--- Data ---

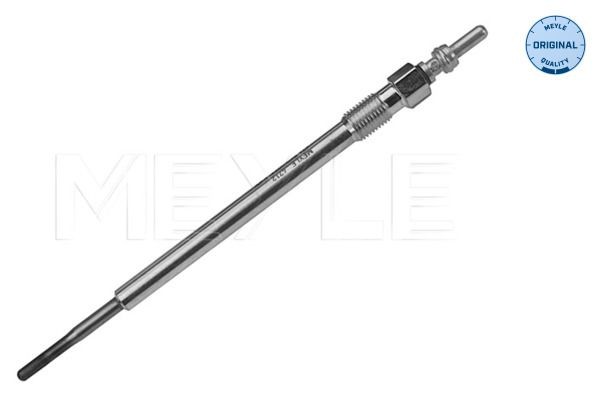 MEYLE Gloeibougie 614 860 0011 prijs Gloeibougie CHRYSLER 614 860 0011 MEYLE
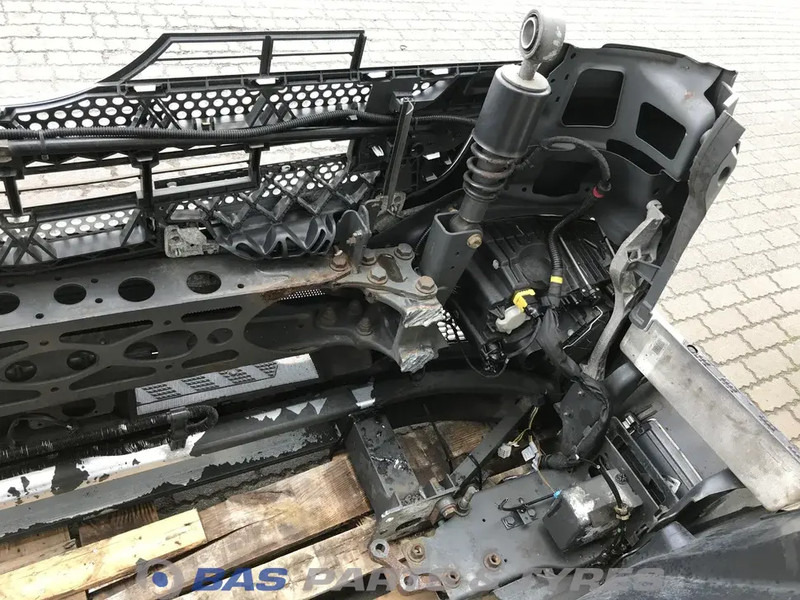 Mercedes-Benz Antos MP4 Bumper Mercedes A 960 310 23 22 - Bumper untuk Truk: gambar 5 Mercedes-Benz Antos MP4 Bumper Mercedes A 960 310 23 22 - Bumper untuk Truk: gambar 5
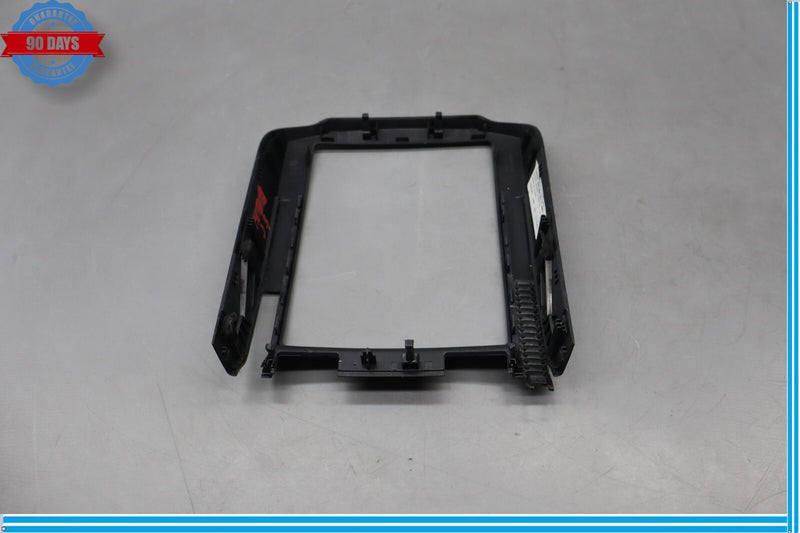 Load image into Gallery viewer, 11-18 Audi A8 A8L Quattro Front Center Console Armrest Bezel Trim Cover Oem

---

* [Work required]:
Transcribe each line above verbatim, with the pictures left out.

* [The completed task]:
 MEYLE Gloeibougie 614 860 0011 prijs Gloeibougie CHRYSLER 614 860 0011 MEYLE
 Mercedes-Benz Antos MP4 Bumper Mercedes A 960 310 23 22 - Bumper untuk Truk: gambar 5 Mercedes-Benz Antos MP4 Bumper Mercedes A 960 310 23 22 - Bumper untuk Truk: gambar 5
 Load image into Gallery viewer, 11-18 Audi A8 A8L Quattro Front Center Console Armrest Bezel Trim Cover Oem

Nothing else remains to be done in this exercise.